The Broken West was a bright, winningly melodic band. Apex Manor, which debuted early this year with the album The Year of Magical Drinking, for the venerable North Carolina indie label Merge Records (home of Grammy winners Arcade Fire), scales back a little from the previous band’s power-pop sound and adds a little more classic-rock muscle.
“[The Broken West] made those two records and weren’t really making a lot of money. That burned everyone out a bit,” Flournoy says after his SXSW showcase, slipping out to the club’s back alley for a little respite from the noise. “But I knew I still wanted to keep writing. I made demos and sent them to Merge [which had released both Broken West albums] and they liked them.”
Assembling a new band that also includes Broken West bassist Brian Whelan, now on guitar, Flournoy tweaked his sound. “I grew up listening to classic rock,” he says. “I sort of wanted to rock out without any preciousness.”
At the Austin club called The Parish, Flournoy and his band were really strong, opening with the rave-up “Teenage Blood” before moving into the hooky “Under the Gun” and generally bringing their debut album’s impressive combination of melody and power to even greater life.
The next night, one-man-band BoscoDelrey showcased at Friend’s on 6th Street as one of the few rock acts for his label Mad Decent, an imprint run by Philadelphia DJ/producer Diplo (best known for his work with musician M.I.A.). Delrey was listed in the festival guide as a Memphis artist, but, like a lot of young musicians ditching their day jobs for the touring life, is probably closer to itinerant.

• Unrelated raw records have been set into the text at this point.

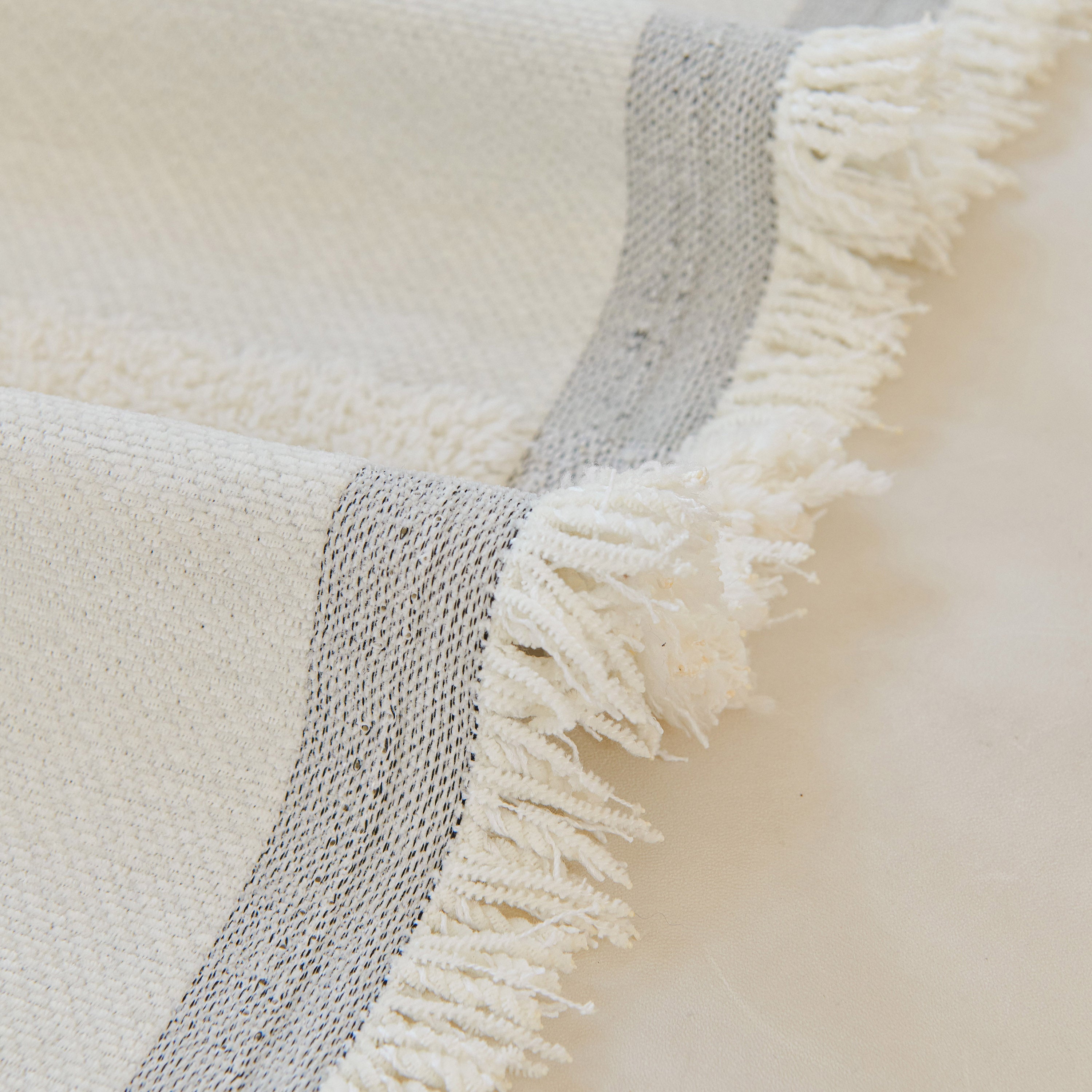 Textural Striped Chenille Sofa Covers, Boho Washable Decor Sofa Blankets Covers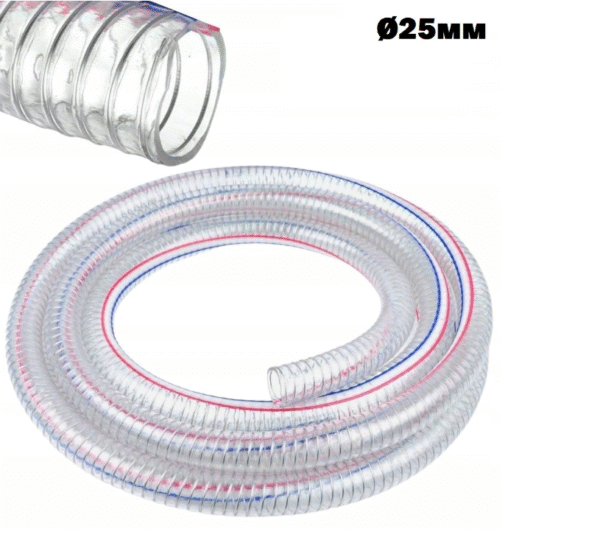 а Маркуч за гориво прозрачен - Ø25мм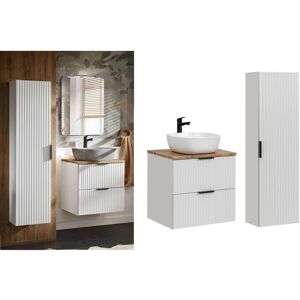 Impact Furniture Bathroom Vanity Sink Unit Fluted White Wall Cabinet Worktop Furniture Set Adel Impact Furniture Bathroom Vanity Sink Unit Fluted White Wall Cabinet Worktop Furniture Set Adel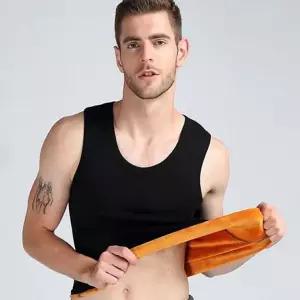 체온 유지 착용감 신축성 좋은 남자 겨울 기모 나시 성인 내복 세트 남성 발열내의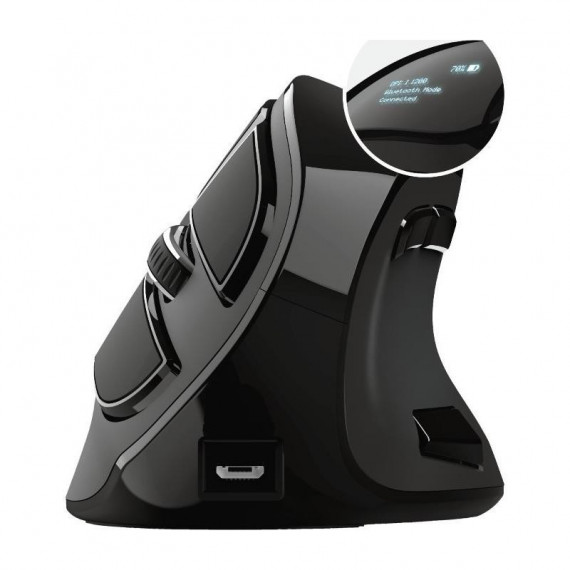 RATON TRUST VOXX ERGONOMICO WIRELESS 9 BOTONES BLA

“I can fit all of my worldly possessions in a two-door car,” Delrey says, ducking around the corner from the club a couple of hours before his gig. “But I feel most at home in Memphis.”
A New Jersey native, Delrey was an aspiring musician in New York when he met up with some relocated Memphians. He ended up moving south, touring with locals the Magic Kids and recording part of his debut album, Everybody Wah, locally with producer Doug Easley. The video for his recent single “Space Junky” was shot at the South Main bar Earnestine & Hazel’s.
A bit of Memphis can be found in Delrey’s music too, his affinity for rockabilly coming through in sound and visual style but mixed up with glam-rock, electronic dance music, Sixties pop, and other influences.
“It comes from what I was hearing while writing those songs in Brooklyn,” Delrey says of his album’s eclectic sound, though he does acknowledge a childhood Elvis fixation. “I was living in this apartment with thin walls, hearing music from neighbors, coming out of bars, what my friends were playing. I don’t try to do just one thing.”
For his showcase, Delrey performed solo, playing guitar over remixed backing tracks and singing through a slightly distorted microphone, Diplo watching appreciatively from the side of the small stage.
But however much his label benefactor may be a fan, Delrey’s debut has been in flux for a while. Recorded last summer, it’s been pushed back several times. The most recently announced release date was March 29th, but that got delayed, and in Austin Delrey says he was hoping for a late April release.
“They want to make sure the audience is there for it,” says Delrey, who was leaving Austin for a Mad Decent event in Miami and then going on a brief tour with buzzy New York band Sleigh Bells.
“Waiting for someone else to put out your music is a strain,” Delrey says with exasperation. “If it doesn’t finally come out [soon], I quit.”The label? Music itself?
“Everything,” he says, throwing his hands up, but smiling.